▶ **Supplied information**:
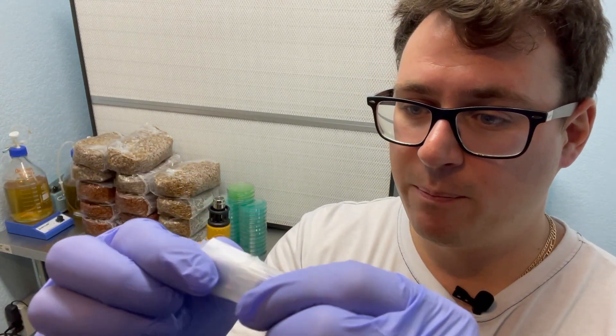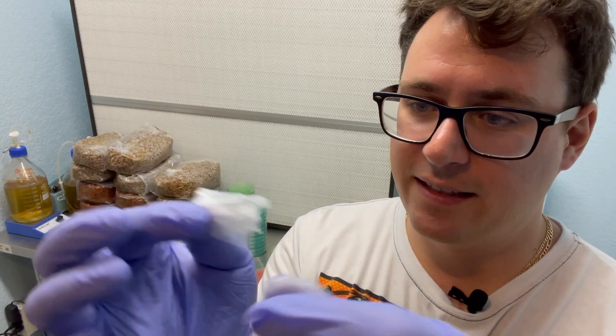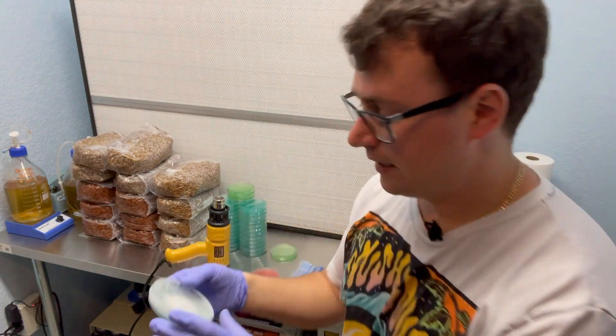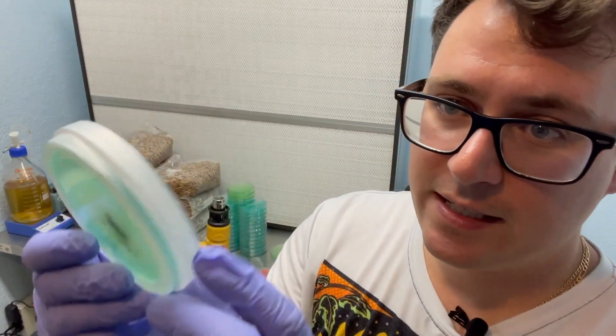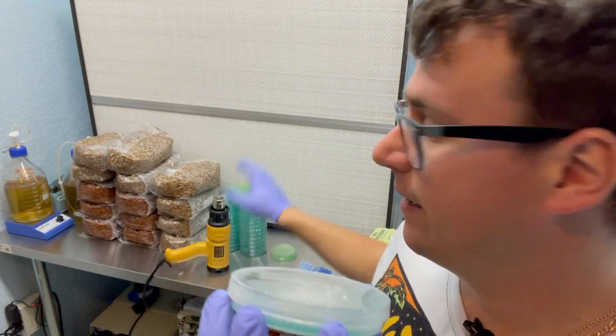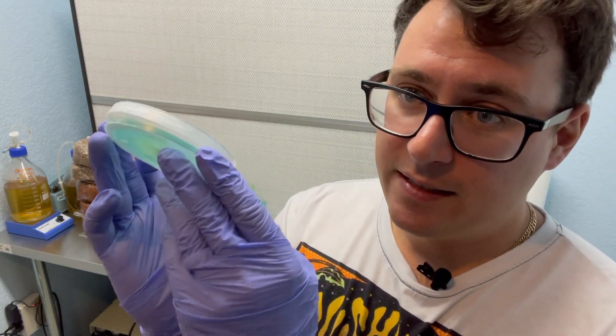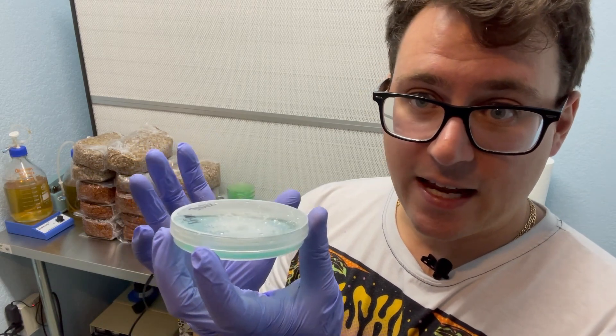One of the problems with parafilm, besides that it rips pretty easily, is that oftentimes a lot of condensation will build up. This is a lion's mane culture, and you can see it's parafilmed. Just by bringing it out of the incubator and setting it on the surface, it created a little condensation. One of the claims for shrink wrap over parafilm is that it mitigates this condensation. In my opinion, I think temperature is more of a factor than the sealing material, but we'll put that to the test right now.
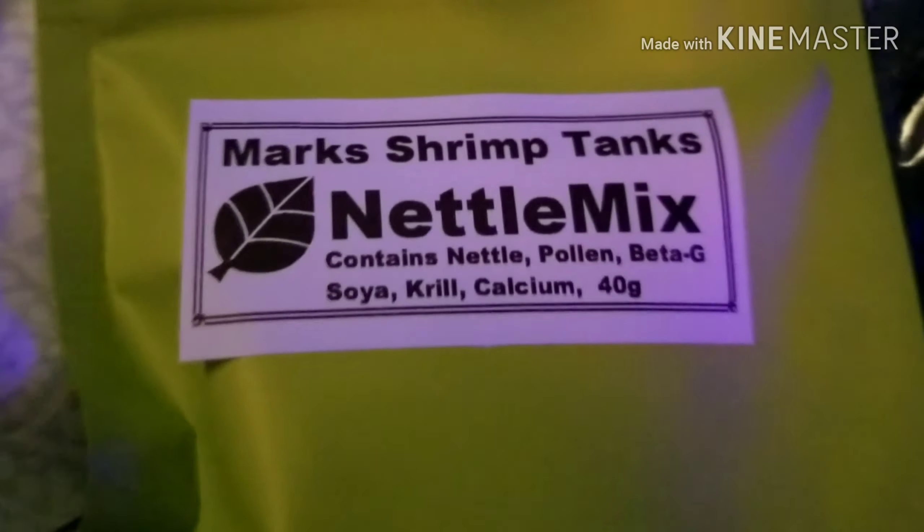Hey y'all, it's an unboxing — already unboxed it, you know. This is from Mark Shrimp Tanks. Big shout out to him, check his channel out on YouTube.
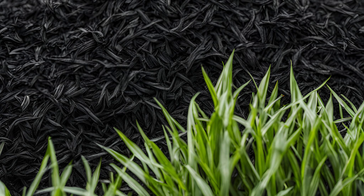Finally, if you're in a particularly cold area, consider applying a light layer of mulch to protect the grass roots. It will insulate them from extreme temperatures and help keep your lawn protected over the winter.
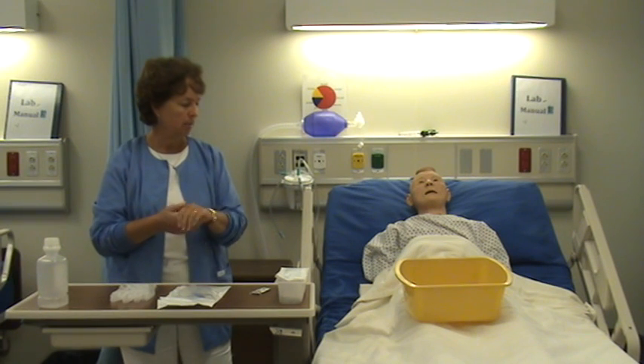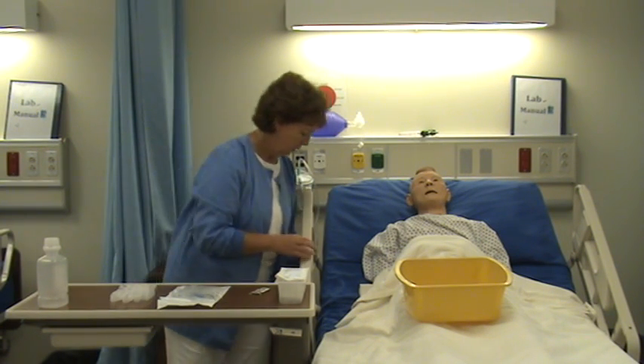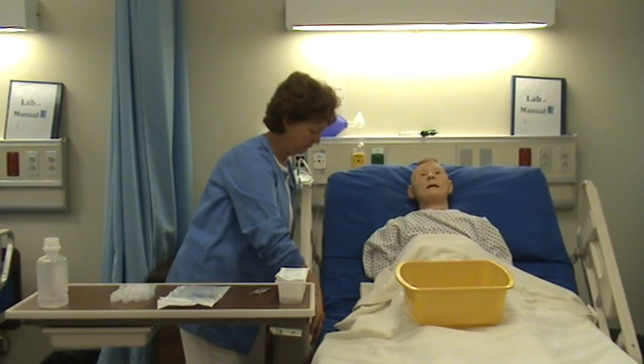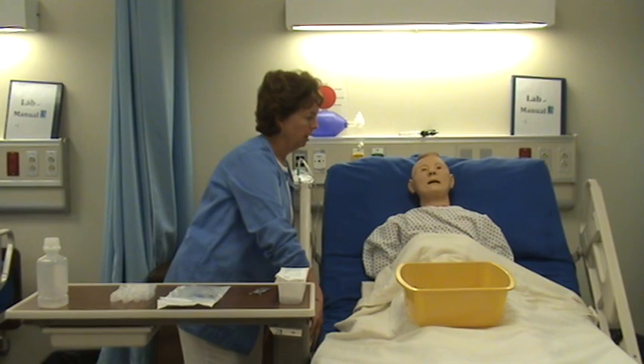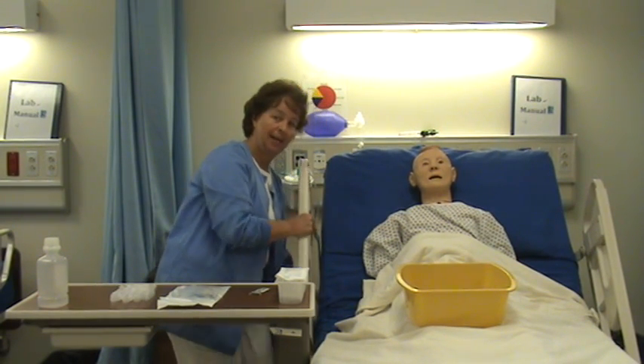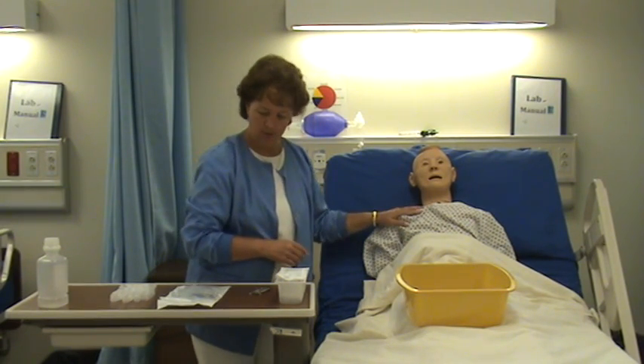I've come in and washed my hands, already identified the patient, and reviewed the order. I'm going to sit him up straight and spend a lot of time explaining what I'm going to do, because this is an uncomfortable situation that will definitely cause some anxiety.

▶ **What to do**:
With every picture omitted, write out the material exactly from its first line through the line containing "Finally, if you're".

▶ **Answer to this problem**:
One of the problems with parafilm, besides that it rips pretty easily, is that oftentimes a lot of condensation will build up. This is a lion's mane culture, and you can see it's parafilmed. Just by bringing it out of the incubator and setting it on the surface, it created a little condensation. One of the claims for shrink wrap over parafilm is that it mitigates this condensation. In my opinion, I think temperature is more of a factor than the sealing material, but we'll put that to the test right now.
Hey y'all, it's an unboxing — already unboxed it, you know. This is from Mark Shrimp Tanks. Big shout out to him, check his channel out on YouTube.
Finally, if you're in a particularly cold area, consider applying a light layer of mulch to protect the grass roots. It will insulate them from extreme temperatures and help keep your lawn protected over the winter.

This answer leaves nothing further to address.